ACTIVITY: Copy exactly the lines from the one containing "visible impact craters" through the last line of the records below, including both, and leave out any pictures.

- Opening Delimiter -

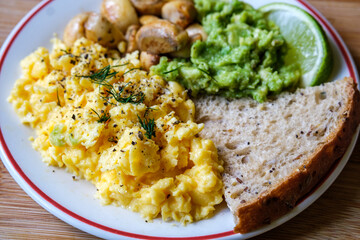 Scambled Eggs With Mashed Avacado Fried Musherooms and Seeded Bread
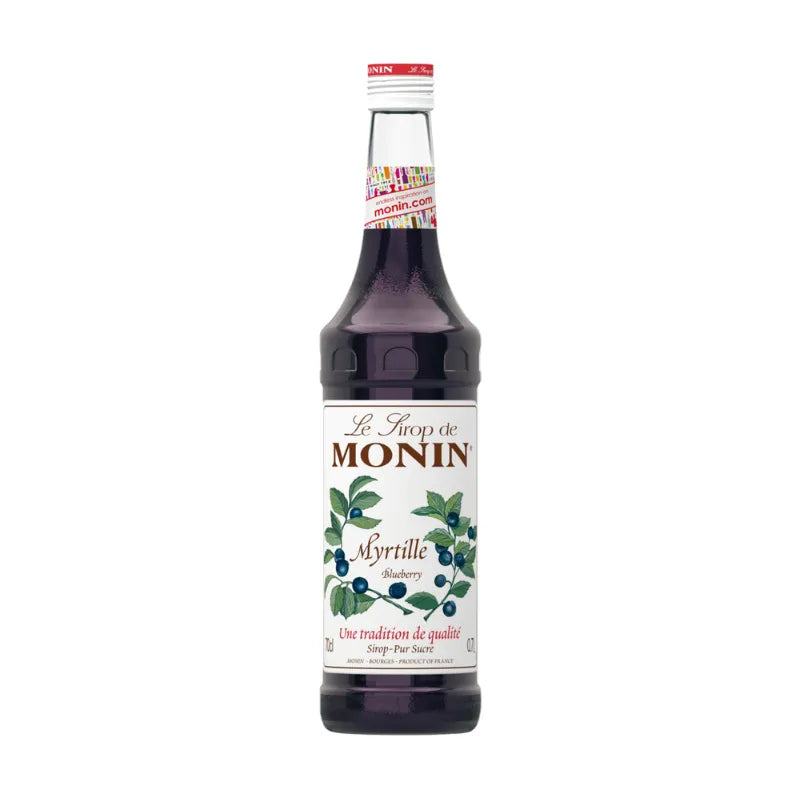 Monin Butterfly Pea Syrup 700ml bottle, a colorful dry grocery product with a vibrant blue liquid in a clear plastic bottle.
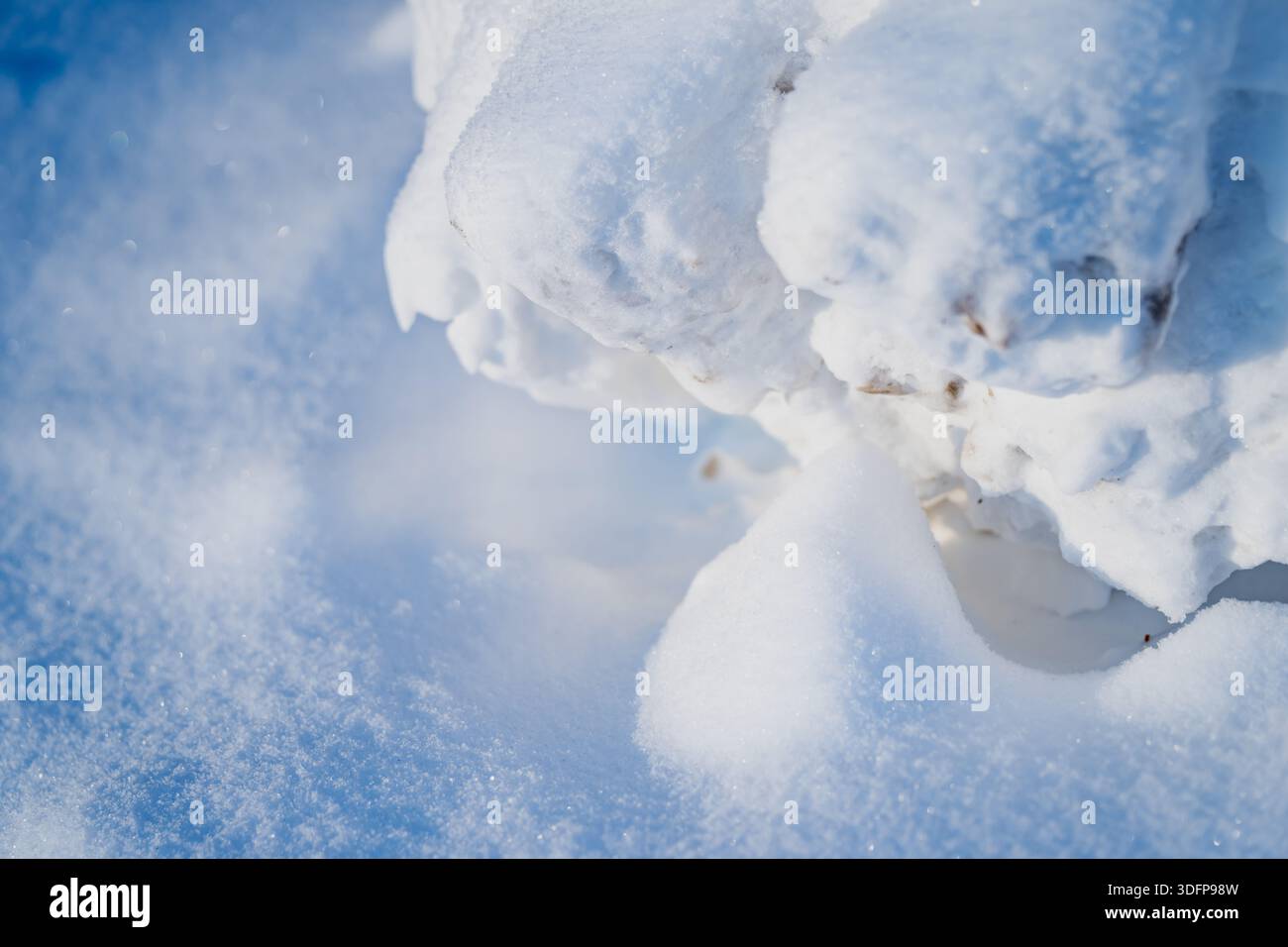 Vista macro della superficie della neve in polvere e dei frammenti di neve arrotondati con piccole macchie di sporco, luce naturale brillante per creare una texture di sfondo astratta e pulita Foto Stock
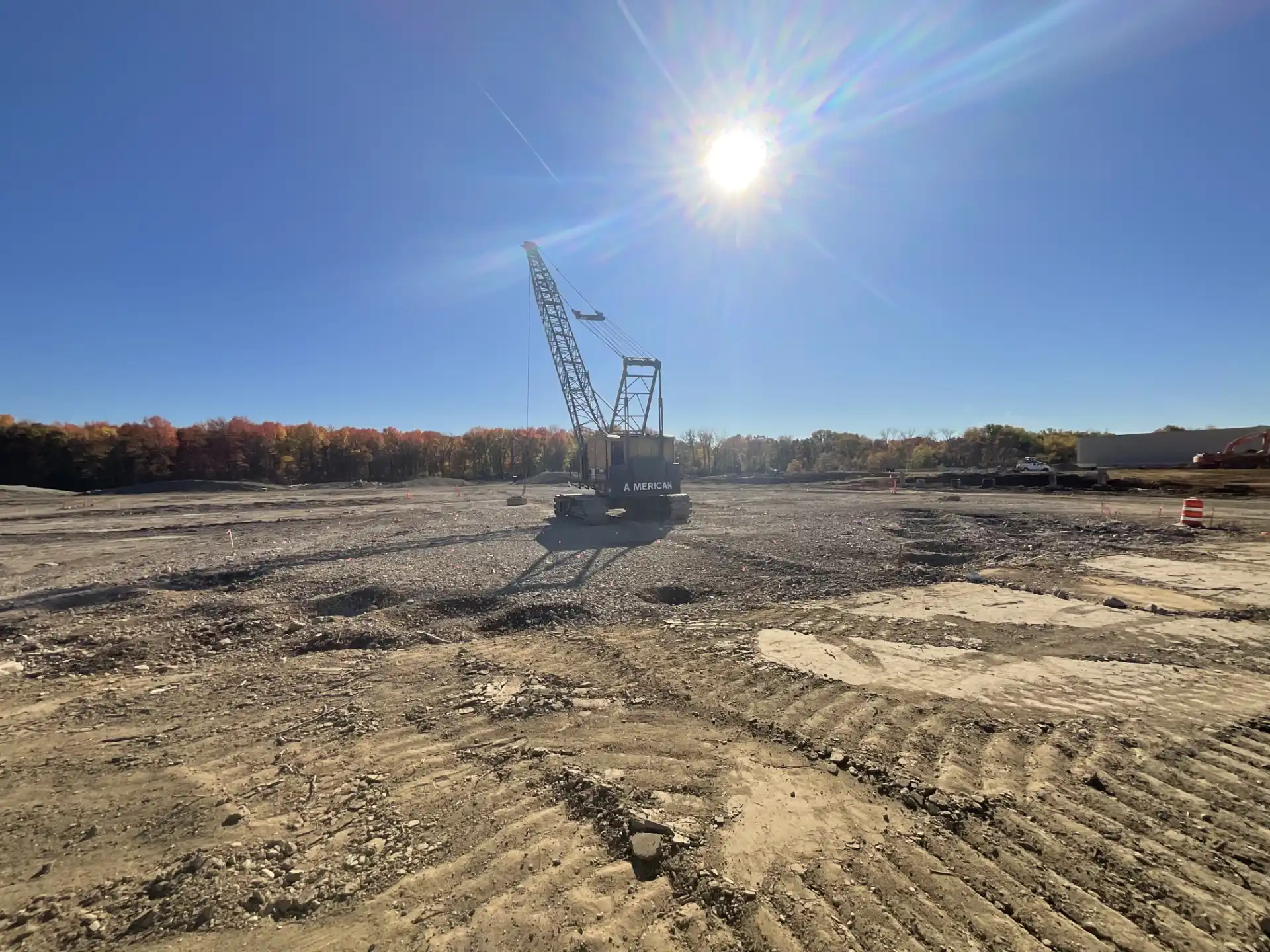 dynamic-compaction-crane-impact-craters-densification. American crawler crane performing dynamic compaction on a cleared construction site with visible impact craters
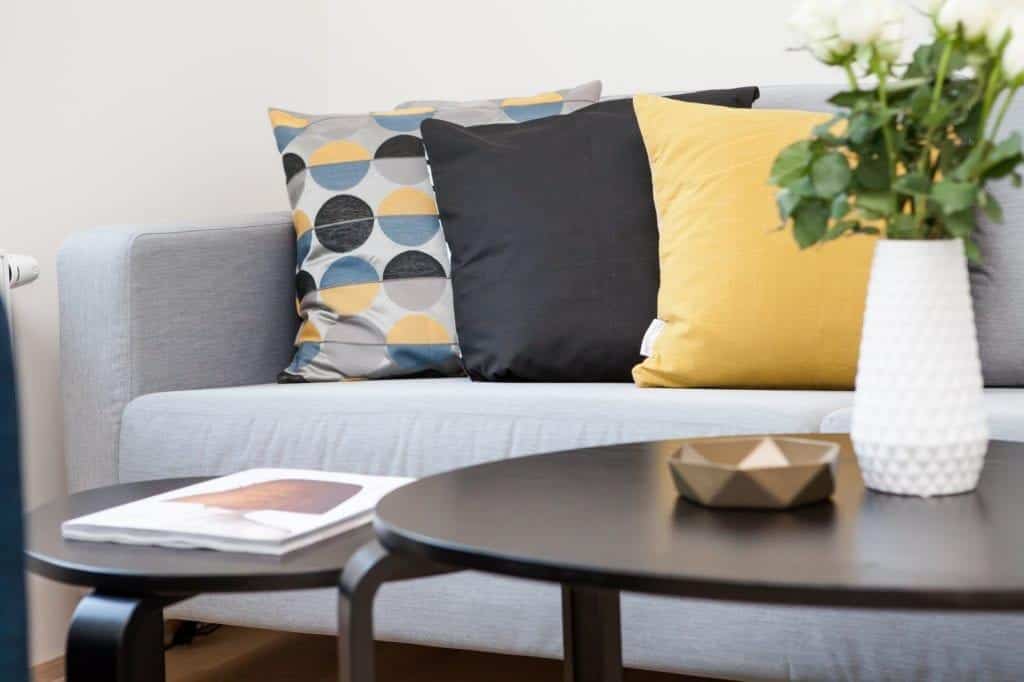 ashtray, book, and cushion decoration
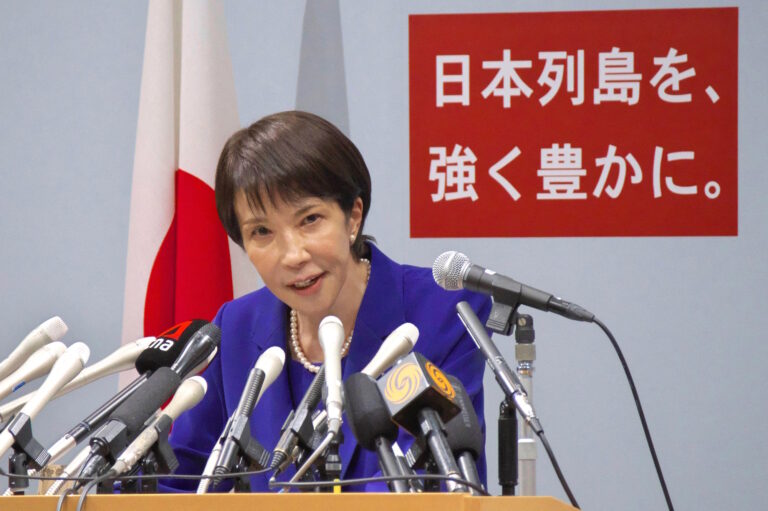 Takaichi Sanae speaking behind a bank of microphones, a Japanese flag and red LDP slogan sign behind her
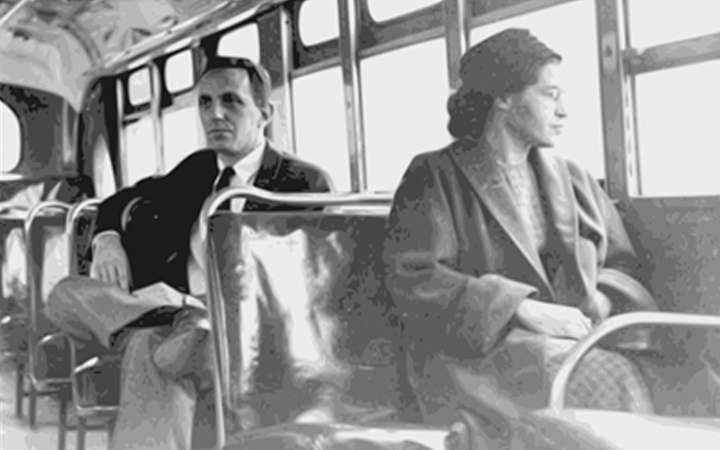 A crowd of workers, adults and children, carry signs pressing for measures like unemployment insurance.A Black woman sits in a seat near the front of a bus, hands folded, looking out the window. Behind her sits a white man.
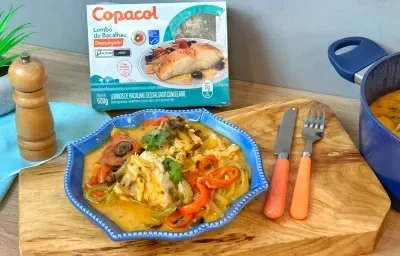 Fotografia em tons alaranjado e azul de um pranto servindo arroz e lombo de bacalhau com pimentões. Fotografia em tons alaranjado e azul de um pranto servindo arroz e lombo de bacalhau com pimentões.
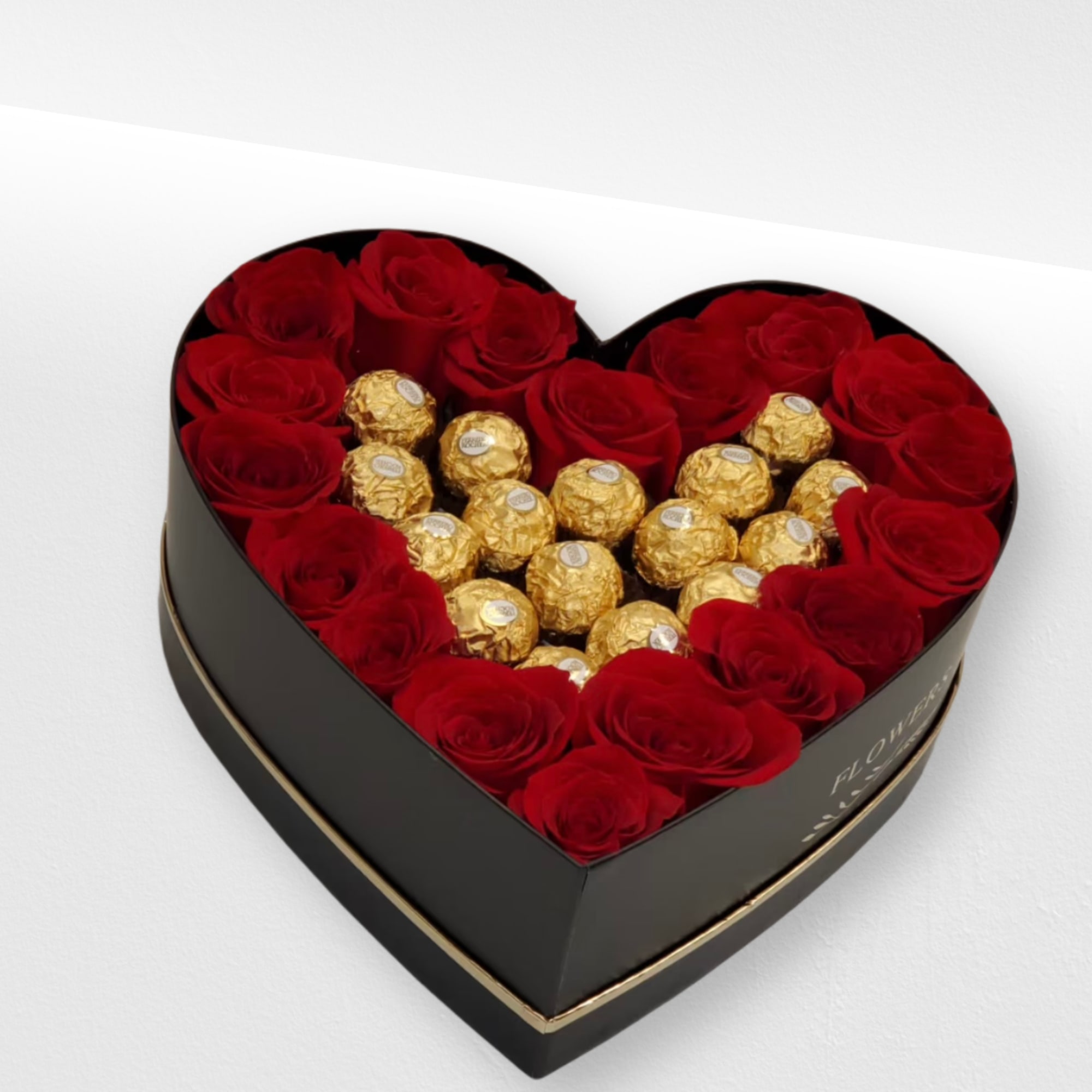 Heart-shaped black box filled with red roses and gold-wrapped chocolates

- Closing Delimiter -

EXPECTED ANSWER:
 dynamic-compaction-crane-impact-craters-densification. American crawler crane performing dynamic compaction on a cleared construction site with visible impact craters
 ashtray, book, and cushion decoration
 Takaichi Sanae speaking behind a bank of microphones, a Japanese flag and red LDP slogan sign behind her
 A crowd of workers, adults and children, carry signs pressing for measures like unemployment insurance.A Black woman sits in a seat near the front of a bus, hands folded, looking out the window. Behind her sits a white man.
 Fotografia em tons alaranjado e azul de um pranto servindo arroz e lombo de bacalhau com pimentões. Fotografia em tons alaranjado e azul de um pranto servindo arroz e lombo de bacalhau com pimentões.
 Heart-shaped black box filled with red roses and gold-wrapped chocolates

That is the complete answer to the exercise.